Not a Bicycle light, Not Seiss, Not SilverRay, Not Schwinn...

basically a stream of BS to sell at 50 dollar automotive light.


----------



## Maskadeo (Jan 5, 2017)

But he wrote Seiss on the bottom with a Sharpie!!!


----------



## WetDogGraphix (Jan 5, 2017)




----------



## bobcycles (Jan 5, 2017)

they look similar but that one is definitely not the Bicycle light by Delta...I believe Chrysler automotive?


----------



## GTs58 (Jan 5, 2017)

I know a little bit about the seller. He buys popular items on eBay, sits on em for a while, maybe a year or longer and then resells them. Bet he got taken when he purchased this light.


----------



## bobcycles (Jan 5, 2017)

GTs58 said:


> I know a little bit about the seller. He buys popular items on eBay, sits on em for a while, maybe a year or longer and then resells them. Bet he got taken when he purchased this light.

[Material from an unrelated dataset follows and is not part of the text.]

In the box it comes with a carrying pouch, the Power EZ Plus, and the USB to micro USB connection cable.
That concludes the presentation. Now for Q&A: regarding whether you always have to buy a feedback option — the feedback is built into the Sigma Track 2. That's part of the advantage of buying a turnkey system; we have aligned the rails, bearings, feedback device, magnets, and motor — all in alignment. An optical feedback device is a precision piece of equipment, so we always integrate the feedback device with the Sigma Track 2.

...well that would be unfortunate.  I let him know that it's a car light, we'll see if he updates the auction.


----------



## Pantmaker (Jan 6, 2017)

It's even automotive Sharpie


----------



## WES PINCHOT (Jan 6, 2017)

GOOD EYE BOB!
THANKS FOR WARNING!


----------



## old hotrod (Jan 7, 2017)

He has edited the listing to include automotive light...


----------



## GTs58 (Jan 7, 2017)

old hotrod said:


> He has edited the listing to include automotive light...




Yes he did. And he dropped the price.


----------



## Bikermaniac (Jan 11, 2017)

I saw the original listing of those lights on ebay, they had a Buy it now price of $300 bucks for a pair or them. I think he hit the button thinking they were Silverays to later find out they were not. Now he's trying to get rid of them. I think those are Buick cowl lights if my memory serves me well (but they might be Cadillac) either way they are not bicycle lights.


----------



## morton (Jan 12, 2017)

Bikermaniac said:


> I saw the original listing of those lights on ebay, they had a Buy it now price of $300 bucks for a pair or them. I think he hit the button thinking they were Silverays to later find out they were not. Now he's trying to get rid of them. I think those are Buick cowl lights if my memory serves me well (but they might be Cadillac) either way they are not bicycle lights.




For those of us who don't want to be "taken" in the future or list something incorrectly, how do you determine which is which?


----------



## Bikermaniac (Jan 12, 2017)

morton said:


> For those of us who don't want to be "taken" in the future or list something incorrectly, how do you determine which is which?




Just by looking closely, there's no other way.


----------